Spain votes Sunday in local and regional polls which will be a barometer for a year-end general election that surveys suggest Prime Minister Pedro Sánchez will lose, heralding a return of the right.

Spain's local elections set to put PM on the back foot
Spain's Prime Minister Pedro Sánchez takes part in the closing rally of Socialist Party (PSOE)'s electoral campaign in Barcelona on May 26, 2023. Photo: Pau BARRENA/AFP.

The stakes are high for Sánchez, whose Socialist party governs the eurozone’s fourth-largest economy in coalition with the far-left Podemos.

Voters are casting ballots for mayors in 8,131 municipalities while also electing leaders and assemblies in 12 of Spain’s 17 regions — 10 of which are currently run by the Socialists.

In an update at 2:00 pm (1200 GMT), five hours into voting, participation in the local elections stood at 36.54 percent, or 1.59 percentage points higher than in the 2019 polls, official figures showed. 

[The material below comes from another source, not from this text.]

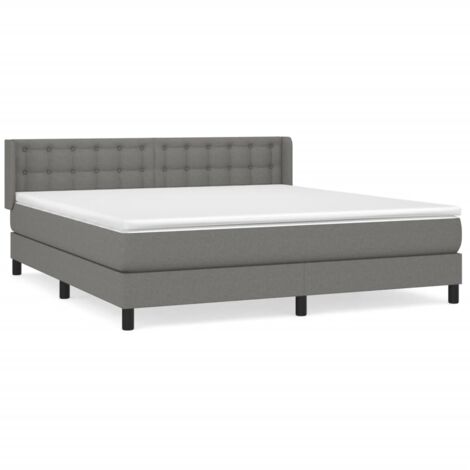 Sommier à lattes de lit avec matelas Gris foncé 180x200 Tissu (1/5)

Some 35.5 million people are voting in the local elections while 18.3 million are eligible to cast ballots in the regional polls. 

Balloting ends at 8:00 pm, with initial results due out two hours later. 

Sánchez has been in office since 2018, and Sunday’s elections find him facing several obstacles: voter fatigue with his left-wing government, soaring inflation and falling purchasing power. 

“I do think it’s an important test (ahead of the year-end elections). It’s the only way we have of expressing our opinion about all these years they’ve been in government,” 61-year-old doctor Maria Alonso told AFPTV after voting in Madrid, without saying who earnt her vote.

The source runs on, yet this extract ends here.